Most neural network computations involve multiply-and-add
computations. For example, the core computation of a CNN is
convolution, which involves a high-order nested loop. For feature
extraction, a CNN convolves input image pixels with a set of
filters over a set of input channels (e.g., red, green and blue),
followed by nonlinear computations, down-sampling computations, and
class scores computations. The computations have been shown to be
highly resource-demanding. Thus, there is a need for improvement in
neural network computing to increase system performance.
SUMMARY
[0005] In one embodiment, a deep learning accelerator (DLA) is
provided for performing deep learning operations. The DLA includes
processing elements (PEs) grouped into PE groups to perform
convolutional neural network (CNN) computations, by applying
multi-dimensional weights on an input activation to produce an
output activation. The DLA further includes a dispatcher which
dispatches input data in the input activation and non-zero weights
in the multi-dimensional weights to the processing elements
according to a control mask. The DLA further includes a buffer
memory which stores the control mask which specifies positions of
zero weights in the multi-dimensional weights. The PE groups
generate output data of respective output channels in the output
activation, and share a same control mask specifying same positions
of the zero weights.
[0006] In another embodiment, a method is provided for accelerating
deep learning operations. The method comprises: grouping processing
elements into PE groups, each PE group to perform CNN computations
by applying multi-dimensional weights on an input activation. The
method further comprises: dispatching input data in the input
activation and non-zero weights in the multi-dimensional weights to
the PE groups according to a control mask. The control mask
specifies positions of zero weights in the multi-dimensional
weights, and the PE groups share a same control mask specifying
same positions of the zero weights. The method further comprises:
generating, by the PE groups, output data of respective output
channels in an output activation.
[0007] The embodiments of the invention enable efficient
convolution computations by selecting an operation mode suitable
for the input size. The multipliers in the system are shared by
different operation modes. Advantages of the embodiments will be
explained in detail in the following descriptions.

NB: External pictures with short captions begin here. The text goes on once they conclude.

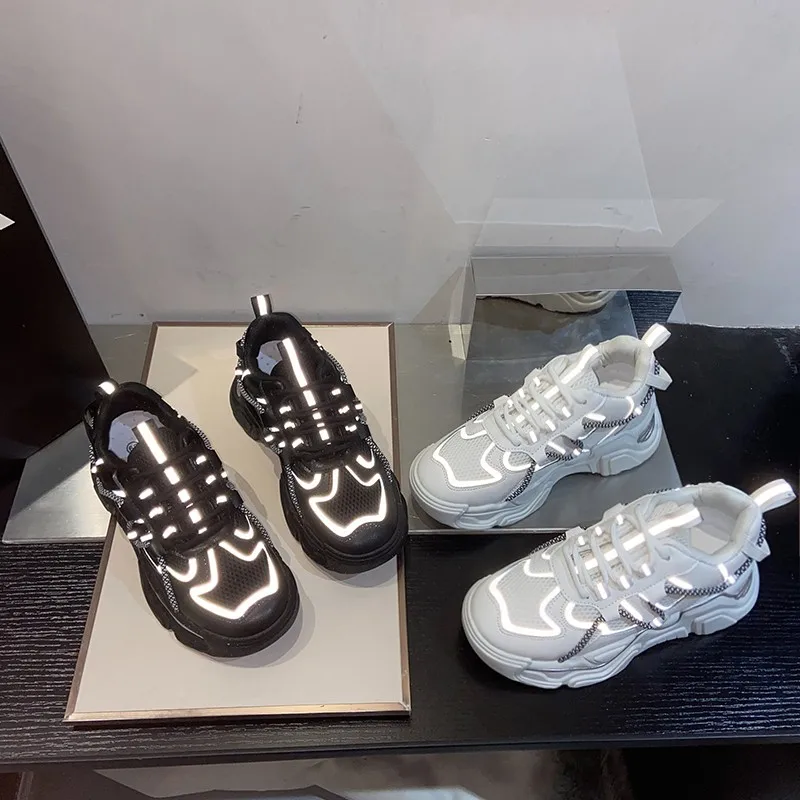 

Spring/Fall 2021 Women's shoes new lace-up platform sneakers Women's vulcanized shoes fashion Warm Dad shoes vulcanized s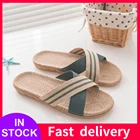 Сандалии мужские резиновые в полоску, противоскользящие шлепанцы, открытый носок, плоская подошва, для дома и пляжа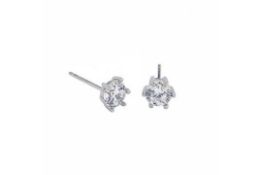 10 x 925 Sterling Silver Stud Earrings For Women RRP £398.70 L14a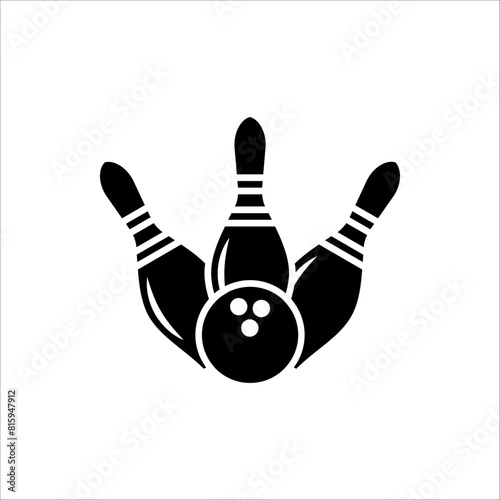 Bowling icon. Bowling icon vector design template for web design, app, and UI.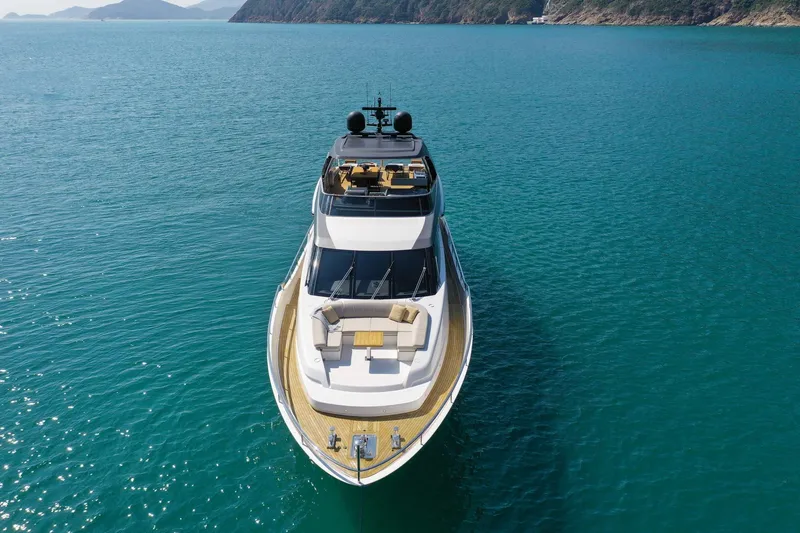  Yacht Photos Pics Luxurious 2017 Sanlorenzo SL78 yacht cruising on serene blue waters.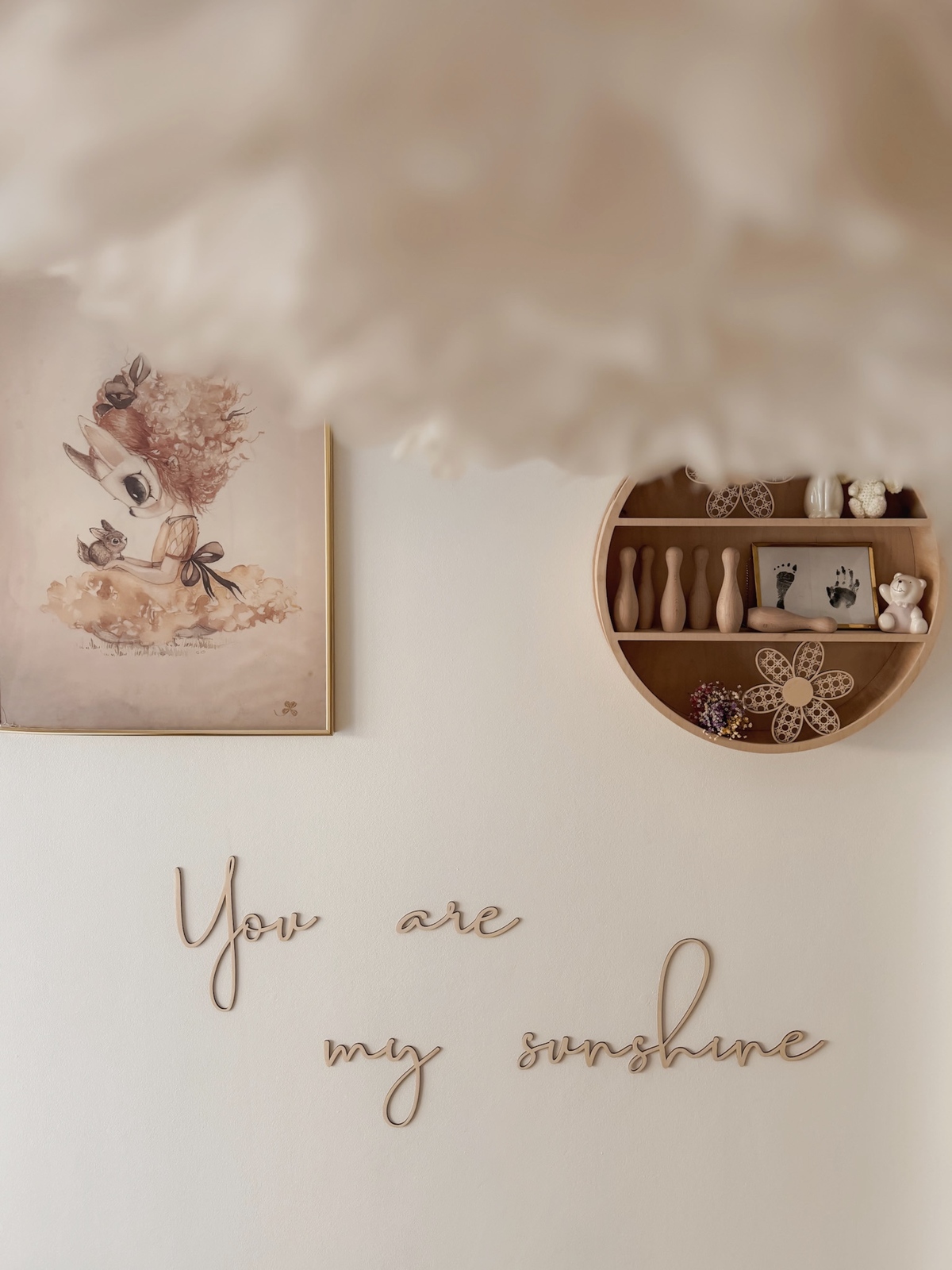 lis wycina You Are My Sunshine Veggdekorasjon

BRIEF DESCRIPTION OF THE DRAWINGS
[0008] The present invention is illustrated by way of example, and
not by way of limitation, in the figures of the accompanying
drawings in which like references indicate similar elements. It
should be noted that different references to "an" or "one"
embodiment in this disclosure are not necessarily to the same
embodiment, and such references mean at least one. Further, when a
particular feature, structure, or characteristic is described in
connection with an embodiment, it is submitted that it is within
the knowledge of one skilled in the art to effect such feature,
structure, or characteristic in connection with other embodiments
whether or not explicitly described.
[0009] FIG. 1 illustrates a deep learning accelerator according to
one embodiment.
[0010] FIG. 2 illustrates an arrangement of processing elements for
performing CNN computations according to one embodiment.
[0011] FIGS. 3A, 3B and 3C illustrate patterns of zero weights for
CNN computations according to some embodiments.
[0012] FIG. 4 illustrates skipped weights in fully-connected
computations according to one embodiment.
[0013] FIG. 5 is a flow diagram illustrating a method for deep
learning operations according to one embodiment.
[0014] FIG. 6 illustrates an example of a system in which
embodiments of the invention may operate.
DETAILED DESCRIPTION
[0015] In the following description, numerous specific details are
set forth. However, it is understood that embodiments of the
invention may be practiced without these specific details. In other
instances, well-known circuits, structures and techniques have not
been shown in detail in order not to obscure the understanding of
this description. It will be appreciated, however, by one skilled
in the art, that the invention may be practiced without such
specific details. Those of ordinary skill in the art, with the
included descriptions, will be able to implement appropriate
functionality without undue experimentation.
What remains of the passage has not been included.